The V Reserve Corps (V. Reserve-Korps / V RK) was a corps level command of the German Army in World War I.

== Formation ==
V Reserve Corps was formed on the outbreak of the war in August 1914 as part of the mobilisation of the Army. It was initially commanded by General der Infanterie Erich von Gündell, brought out of retirement. It was still in existence at the end of the war in the 5th Army, Heeresgruppe Gallwitz on the Western Front.

=== Structure on formation ===
On formation in August 1914, V Reserve Corps consisted of two divisions, made up of reserve units.

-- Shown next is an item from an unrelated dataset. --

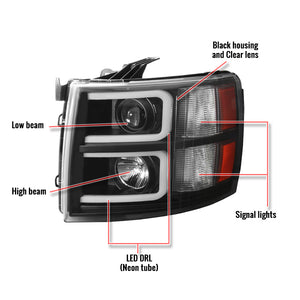 229.95 Spec-D Projector Headlights Chevy Silverado (07-13) LED C-Bar DRL - Black / Chrome - Redline360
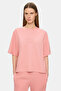 Jayla Pink Crew Neck Seersucker Printed Soft Textured Modal Fabric Loose Fit Women's Tshirt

In general, Reserve Corps and Reserve Divisions were weaker than their active counterparts
Reserve Infantry Regiments did not always have three battalions nor necessarily contain a machine gun company
Reserve Jäger Battalions did not have a machine gun company on formation
Reserve Cavalry Regiments consisted of just three squadrons
Reserve Field Artillery Regiments usually consisted of two abteilungen of three batteries each
Corps Troops generally consisted of a Telephone Detachment and four sections of munition columns and trains

In summary, V Reserve Corps mobilised with 22 infantry battalions, 7 machine gun companies (42 machine guns), 6 cavalry squadrons, 12 field artillery batteries (72 guns) and 3 pioneer companies. 10th Reserve Division was slightly stronger than the norm as it included an active infantry brigade.

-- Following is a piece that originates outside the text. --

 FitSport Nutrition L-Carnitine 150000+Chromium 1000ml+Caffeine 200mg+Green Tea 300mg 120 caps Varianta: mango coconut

| Corps | Division | Brigade | Units |
| V Reserve Corps | 9th Reserve Division | 17th Reserve Infantry Brigade | 6th Reserve Infantry Regiment |
7th Reserve Infantry Regiment
| 19th Reserve Infantry Brigade | 19th Reserve Infantry Regiment |
5th Reserve Jäger Battalion
|  | 3rd Reserve Dragoon Regiment |
9th Reserve Field Artillery Regiment
4th Company, 5th Pioneer Battalion
9th Reserve Divisional Pontoon Train
19th Reserve Medical Company
| 10th Reserve Division | 77th Infantry Brigade | 37th Füsilier Regiment |
155th Infantry Regiment
| 50th Reserve Infantry Brigade | 37th Reserve Infantry Regiment |
46th Reserve Infantry Regiment
|  | 6th Reserve Uhlan Regiment |
10th Reserve Field Artillery Regiment
1st Reserve Company, 5th Pioneer Battalion
2nd Reserve Company, 5th Pioneer Battalion
10th Reserve Divisional Pontoon Train
5th Reserve Medical Company
| Corps Troops |  | 5th Reserve Telephone Detachment |
Munition Trains and Columns corresponding to the III Reserve Corps

== Combat chronicle ==
On mobilisation, V Reserve Corps was assigned to the 5th Army forming part of the centre of the forces for the Schlieffen Plan offensive in August 1914.

== Commanders ==
V Reserve Corps had the following commanders during its existence:

| From | Rank | Name |
| 2 August 1914 | Generalleutnant | Erich von Gündell |
| 2 September 1914 | General der Infanterie |
| 3 September 1916 | Generalleutnant | Otto von Garnier |
| 27 August 1917 | Generalleutnant | Viktor Kühne |
| 21 November 1917 | General der Infanterie | Franz Freiherr von Soden |

== See also ==

- German Army order of battle (1914)
- German Army order of battle, Western Front (1918)

== Bibliography ==
- Cron, Hermann (2002). "Imperial German Army 1914-18: Organisation, Structure, Orders-of-Battle [first published: 1937]"
- Ellis, John (1993). "The World War I Databook"
- "Histories of Two Hundred and Fifty-One Divisions of the German Army which Participated in the War (1914-1918), compiled from records of Intelligence section of the General Staff, American Expeditionary Forces, at General Headquarters, Chaumont, France 1919" (1989)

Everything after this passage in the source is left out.